This morning I stood at 7 AM in my newly cleared studio with three clear hours ahead of me. My first thoughts were – what am I doing here, no really, what is it, what is the thing – what is this thing that I am doing? This art – this stuff, me, standing here,what is it?

The past week was spent hosting relatives. During the week we had two instances when we looked at art. At one point we ventured into the Barbara Hepworth sculpture centre, close to home but in another sense, it could be a million miles away. The sculpture centre hosts the big names, the heavyweights of the art world, Gormley, Caro etc. Dropping in for a few days here and there, they are cushioned and cosseted, discreetly hidden from the native villagers nearby. But kindly, and I really do mean kindly, they allow the general public freely to come and enjoy the ever-changing artwork.

Walking through the grounds, my lovely sister launched enthusiastically into her interpretation of the work she saw, (without the deadly baggage of an art education) and when she had run out of steam she asked for affirmation that her approach was ‘right’. A few more learned members of our party suggested that perhaps she ought to buy a book and learn how to look at art. I thought about this – about how her thoughts perhaps were not ‘right’ and how she could learn to make them ‘right’.

Our other art experience was at Mottisfont Abbey where high up in the upper floor of this beautiful old country home an exhibition of flower fairies ran alongside the House of Fairytales show. The flower fairies were truly lovely of course but merely served to remind me of my own flower fairy book as a child in which I had graffitied small flower fairy poos coming out of the unsuspecting flower fairy bottoms. After the flower fairies the work got much more complex, darker of course and absolutely absorbing. Tessa Farmers minute skeletons brandishing swords and riding mischievously on the backs of dragonflies and bumblebees were a wonderful surprise as I have never seen her work in the flesh.
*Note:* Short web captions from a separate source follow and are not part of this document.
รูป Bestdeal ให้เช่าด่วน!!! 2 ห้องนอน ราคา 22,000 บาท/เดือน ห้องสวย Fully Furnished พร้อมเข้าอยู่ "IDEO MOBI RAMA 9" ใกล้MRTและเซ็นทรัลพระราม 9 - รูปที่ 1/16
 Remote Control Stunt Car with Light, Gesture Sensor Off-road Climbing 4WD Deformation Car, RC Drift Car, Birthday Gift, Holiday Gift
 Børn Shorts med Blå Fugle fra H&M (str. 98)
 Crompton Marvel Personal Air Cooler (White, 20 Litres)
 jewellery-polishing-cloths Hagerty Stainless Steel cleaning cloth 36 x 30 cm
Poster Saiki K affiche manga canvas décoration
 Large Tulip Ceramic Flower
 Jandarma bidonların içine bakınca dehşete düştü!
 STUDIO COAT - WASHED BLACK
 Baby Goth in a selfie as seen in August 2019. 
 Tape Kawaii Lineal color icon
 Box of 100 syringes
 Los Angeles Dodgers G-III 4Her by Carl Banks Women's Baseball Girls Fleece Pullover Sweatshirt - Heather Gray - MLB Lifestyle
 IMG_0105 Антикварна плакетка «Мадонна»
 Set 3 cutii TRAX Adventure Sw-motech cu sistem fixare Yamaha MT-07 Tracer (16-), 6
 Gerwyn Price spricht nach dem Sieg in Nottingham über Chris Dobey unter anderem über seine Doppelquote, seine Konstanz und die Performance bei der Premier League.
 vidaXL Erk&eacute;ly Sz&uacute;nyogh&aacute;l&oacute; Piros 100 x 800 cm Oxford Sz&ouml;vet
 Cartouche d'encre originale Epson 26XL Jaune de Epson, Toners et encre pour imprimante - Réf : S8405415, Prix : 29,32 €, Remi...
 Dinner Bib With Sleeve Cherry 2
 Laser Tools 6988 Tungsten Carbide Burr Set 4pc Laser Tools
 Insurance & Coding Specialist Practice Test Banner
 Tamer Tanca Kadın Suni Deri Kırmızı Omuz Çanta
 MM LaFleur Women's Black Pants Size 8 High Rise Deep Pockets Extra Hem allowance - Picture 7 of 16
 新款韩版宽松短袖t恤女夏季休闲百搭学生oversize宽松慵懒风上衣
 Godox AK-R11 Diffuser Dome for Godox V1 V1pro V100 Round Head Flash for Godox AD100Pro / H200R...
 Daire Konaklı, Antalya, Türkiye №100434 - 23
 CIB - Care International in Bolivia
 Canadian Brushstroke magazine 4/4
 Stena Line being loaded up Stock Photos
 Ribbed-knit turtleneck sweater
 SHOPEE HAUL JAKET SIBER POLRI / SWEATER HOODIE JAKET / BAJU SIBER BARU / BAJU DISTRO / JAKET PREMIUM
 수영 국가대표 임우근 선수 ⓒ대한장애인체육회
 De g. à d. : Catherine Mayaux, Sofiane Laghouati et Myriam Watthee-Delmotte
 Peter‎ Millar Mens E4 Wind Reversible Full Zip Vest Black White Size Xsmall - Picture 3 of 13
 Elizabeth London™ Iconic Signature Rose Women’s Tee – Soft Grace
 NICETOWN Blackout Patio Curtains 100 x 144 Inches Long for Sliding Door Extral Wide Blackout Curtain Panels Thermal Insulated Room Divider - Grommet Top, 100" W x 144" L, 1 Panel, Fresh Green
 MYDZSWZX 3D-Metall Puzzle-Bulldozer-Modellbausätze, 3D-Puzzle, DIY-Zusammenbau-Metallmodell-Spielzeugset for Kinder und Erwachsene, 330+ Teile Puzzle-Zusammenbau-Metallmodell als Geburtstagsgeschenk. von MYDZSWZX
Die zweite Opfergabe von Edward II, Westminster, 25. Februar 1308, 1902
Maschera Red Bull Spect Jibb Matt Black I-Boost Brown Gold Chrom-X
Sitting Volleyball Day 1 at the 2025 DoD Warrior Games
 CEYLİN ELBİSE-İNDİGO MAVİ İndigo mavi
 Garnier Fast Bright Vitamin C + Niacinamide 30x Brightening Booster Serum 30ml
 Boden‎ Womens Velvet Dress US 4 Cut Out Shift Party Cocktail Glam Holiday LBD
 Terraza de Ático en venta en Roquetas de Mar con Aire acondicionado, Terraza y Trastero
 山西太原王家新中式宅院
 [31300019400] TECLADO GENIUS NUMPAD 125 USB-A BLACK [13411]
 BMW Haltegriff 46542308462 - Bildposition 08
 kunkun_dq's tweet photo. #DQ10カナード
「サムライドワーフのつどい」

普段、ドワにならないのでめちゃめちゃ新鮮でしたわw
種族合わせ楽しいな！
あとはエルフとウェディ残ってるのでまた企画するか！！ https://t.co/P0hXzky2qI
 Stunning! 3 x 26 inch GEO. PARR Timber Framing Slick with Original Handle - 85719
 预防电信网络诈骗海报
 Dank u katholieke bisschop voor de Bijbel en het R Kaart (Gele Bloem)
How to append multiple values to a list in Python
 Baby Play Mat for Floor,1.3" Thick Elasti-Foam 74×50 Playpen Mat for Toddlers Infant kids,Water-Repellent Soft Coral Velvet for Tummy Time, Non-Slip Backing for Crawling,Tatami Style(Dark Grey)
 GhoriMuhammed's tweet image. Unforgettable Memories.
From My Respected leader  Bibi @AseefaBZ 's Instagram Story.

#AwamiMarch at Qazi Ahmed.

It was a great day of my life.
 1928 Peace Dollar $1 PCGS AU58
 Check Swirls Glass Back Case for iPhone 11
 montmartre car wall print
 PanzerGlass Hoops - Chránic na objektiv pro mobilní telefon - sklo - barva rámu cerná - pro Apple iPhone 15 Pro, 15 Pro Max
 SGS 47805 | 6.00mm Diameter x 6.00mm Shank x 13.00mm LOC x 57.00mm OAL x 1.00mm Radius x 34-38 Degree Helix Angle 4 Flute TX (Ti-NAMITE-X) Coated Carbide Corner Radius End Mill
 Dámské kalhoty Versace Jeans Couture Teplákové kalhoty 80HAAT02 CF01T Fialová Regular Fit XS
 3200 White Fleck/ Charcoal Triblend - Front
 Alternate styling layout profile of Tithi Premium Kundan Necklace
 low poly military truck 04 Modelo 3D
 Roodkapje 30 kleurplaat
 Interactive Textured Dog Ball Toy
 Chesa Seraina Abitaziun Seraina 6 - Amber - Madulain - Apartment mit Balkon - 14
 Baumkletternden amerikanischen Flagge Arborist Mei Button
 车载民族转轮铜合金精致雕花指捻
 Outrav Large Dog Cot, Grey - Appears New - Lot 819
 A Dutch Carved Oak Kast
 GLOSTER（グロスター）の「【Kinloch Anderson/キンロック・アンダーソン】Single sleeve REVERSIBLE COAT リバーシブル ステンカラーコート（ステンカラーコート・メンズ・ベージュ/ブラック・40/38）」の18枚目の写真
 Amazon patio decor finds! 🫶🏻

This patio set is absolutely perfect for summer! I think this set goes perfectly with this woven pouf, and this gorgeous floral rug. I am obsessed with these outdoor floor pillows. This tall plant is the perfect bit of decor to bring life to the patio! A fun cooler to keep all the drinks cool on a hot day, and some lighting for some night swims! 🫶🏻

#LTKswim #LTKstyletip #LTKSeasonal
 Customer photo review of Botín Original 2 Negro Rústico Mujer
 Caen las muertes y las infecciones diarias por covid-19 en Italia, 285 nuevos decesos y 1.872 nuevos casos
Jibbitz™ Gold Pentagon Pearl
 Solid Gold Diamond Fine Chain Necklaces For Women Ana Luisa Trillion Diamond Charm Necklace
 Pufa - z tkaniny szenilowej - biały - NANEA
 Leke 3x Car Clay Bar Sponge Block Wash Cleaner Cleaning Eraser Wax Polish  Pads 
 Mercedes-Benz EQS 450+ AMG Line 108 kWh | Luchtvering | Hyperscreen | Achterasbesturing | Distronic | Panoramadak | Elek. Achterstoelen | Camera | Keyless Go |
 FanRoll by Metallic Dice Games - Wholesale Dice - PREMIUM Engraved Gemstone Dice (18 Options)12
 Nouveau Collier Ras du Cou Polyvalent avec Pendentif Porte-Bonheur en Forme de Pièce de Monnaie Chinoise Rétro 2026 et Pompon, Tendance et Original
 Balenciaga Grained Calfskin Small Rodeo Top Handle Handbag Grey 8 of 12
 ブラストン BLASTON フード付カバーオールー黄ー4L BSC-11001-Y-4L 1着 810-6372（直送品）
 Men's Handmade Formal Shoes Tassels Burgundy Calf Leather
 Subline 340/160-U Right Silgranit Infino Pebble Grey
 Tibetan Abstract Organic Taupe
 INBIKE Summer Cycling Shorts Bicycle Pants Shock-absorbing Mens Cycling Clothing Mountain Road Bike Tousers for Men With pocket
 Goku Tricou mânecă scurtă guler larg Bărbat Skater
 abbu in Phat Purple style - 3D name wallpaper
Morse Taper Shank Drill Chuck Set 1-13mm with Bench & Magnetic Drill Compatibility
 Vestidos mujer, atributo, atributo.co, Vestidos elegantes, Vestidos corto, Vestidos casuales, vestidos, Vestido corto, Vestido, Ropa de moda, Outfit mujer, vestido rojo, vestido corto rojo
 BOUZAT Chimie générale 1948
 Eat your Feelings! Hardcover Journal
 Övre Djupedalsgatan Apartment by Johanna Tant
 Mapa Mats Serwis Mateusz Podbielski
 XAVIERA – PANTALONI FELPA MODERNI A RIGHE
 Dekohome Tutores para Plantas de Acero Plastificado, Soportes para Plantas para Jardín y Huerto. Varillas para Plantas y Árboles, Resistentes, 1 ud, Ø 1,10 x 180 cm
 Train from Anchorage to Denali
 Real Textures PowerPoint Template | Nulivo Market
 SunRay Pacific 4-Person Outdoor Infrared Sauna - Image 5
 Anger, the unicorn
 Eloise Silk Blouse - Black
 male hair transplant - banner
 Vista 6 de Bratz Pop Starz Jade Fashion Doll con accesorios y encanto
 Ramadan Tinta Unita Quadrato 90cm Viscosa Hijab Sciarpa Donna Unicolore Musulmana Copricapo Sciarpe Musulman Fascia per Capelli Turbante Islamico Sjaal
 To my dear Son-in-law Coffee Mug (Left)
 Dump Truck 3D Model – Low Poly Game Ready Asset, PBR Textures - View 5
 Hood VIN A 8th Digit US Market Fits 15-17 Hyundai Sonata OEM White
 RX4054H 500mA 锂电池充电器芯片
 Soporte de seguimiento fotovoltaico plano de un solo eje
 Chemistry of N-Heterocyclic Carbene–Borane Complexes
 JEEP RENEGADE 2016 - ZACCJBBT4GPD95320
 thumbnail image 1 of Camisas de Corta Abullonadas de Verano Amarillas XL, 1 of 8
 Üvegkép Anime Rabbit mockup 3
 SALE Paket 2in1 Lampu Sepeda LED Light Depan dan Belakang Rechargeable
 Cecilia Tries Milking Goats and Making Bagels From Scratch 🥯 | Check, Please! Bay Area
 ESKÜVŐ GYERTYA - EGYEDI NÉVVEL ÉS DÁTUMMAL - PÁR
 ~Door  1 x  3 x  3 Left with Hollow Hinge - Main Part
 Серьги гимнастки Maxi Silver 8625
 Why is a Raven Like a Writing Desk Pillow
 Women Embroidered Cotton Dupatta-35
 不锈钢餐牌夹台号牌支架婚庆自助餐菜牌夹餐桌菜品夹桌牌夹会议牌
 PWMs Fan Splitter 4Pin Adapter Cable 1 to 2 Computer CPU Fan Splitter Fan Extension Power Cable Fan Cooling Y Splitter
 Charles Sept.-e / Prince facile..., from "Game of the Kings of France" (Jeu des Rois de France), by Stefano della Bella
It was at this point that my 87-year-old father (having spent most of the exhibition shuffling from window to window attempting to spot a trout in the Test below) made his critique on the show, in his uniquely raw and rather loud fashion.’ Get me out of here, I’ve seen enough bally fairies to last me all day.’ Age seems to have refined his words into a succinct few with no time wasted on pleasantries or politeness. I’m guessing somehow he doesn’t feel the need to read any books on how to look at art.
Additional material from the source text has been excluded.